LAKE TAPPS, Wash. -- Record-breaking temperatures in the forecast will likely have people heading to lakes and rivers to cool down.
But there’s a strong warning for anyone planning on visiting Lake Tapps after more than a dozen swimmers got sick.
On Thursday, the Tacoma-Pierce County Health Department warned everyone to stay out of the lake, saying in a news release that it had found toxic algae present in the water.
But a new series of lab tests on the sample of toxic algae didn't find a detectable concentration of toxin, the department said Friday.
The advisory for swimmers has since been downgraded but the county is still urging caution.
“The Health Department has not been able to confirm the presence of toxins in the water, nor the presence of new algae blooms, so our advisory will change to a caution,” said Brad Harp, water program resources manager.

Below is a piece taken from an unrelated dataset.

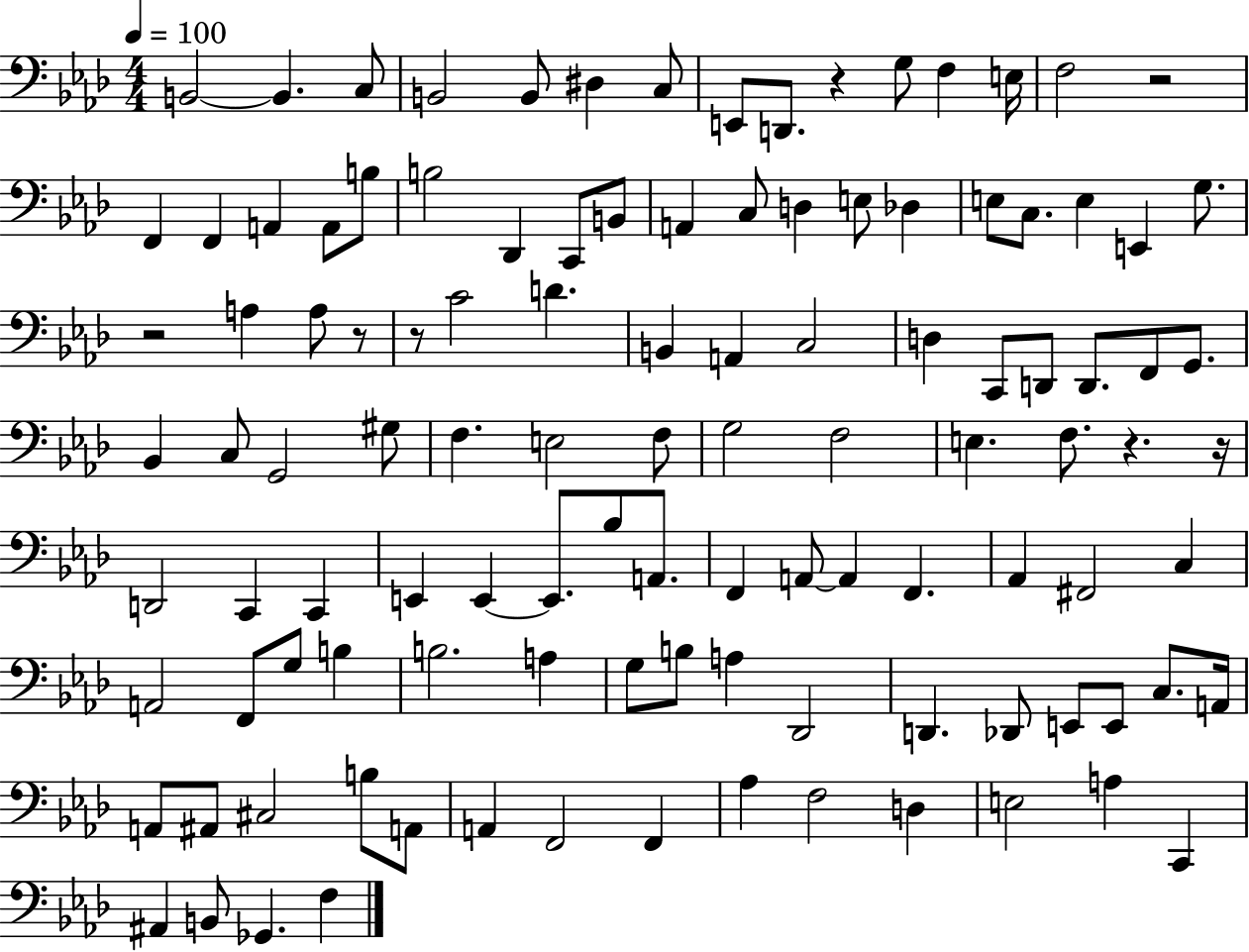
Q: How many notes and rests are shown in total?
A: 112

The health department is now warning swimmers to stay out areas that look like a blob of green algae that looks like paint on top of the water. But sometimes the blooms aren’t so obvious.
“You don’t always necessarily see algae,” said Edie Jeffers with the health department. “It can be kind of a pea green appearance and it is difficult to detect.”
At first the county told everyone, including pets, to stay out of Lake Tapps fearful that toxic algae made 14 people sick last week.
But new lab tests weren’t able to find toxins in the lake – still, the county wants everyone heading to the lake to cool off over the weekend to avoid going near any algae blooms.
“Don’t be in the water in a situation where you could ingest the water,” said Jeffers.
“The message we have for the public is simple: if you see algae in the water, people and their pets should stay out,” said Harp. “Although the illnesses people have reported are consistent with symptoms of toxic algae exposure, we do not believe the conditions that would further threaten public health are widely present. Again, when in doubt, stay out.”
The health department planned to continue monitoring water quality at the lake and may take new water samples for testing next week.
In the meantime, the county is urging people to keep a watch out for algae blooms, which could be fatal for pets if they are exposed.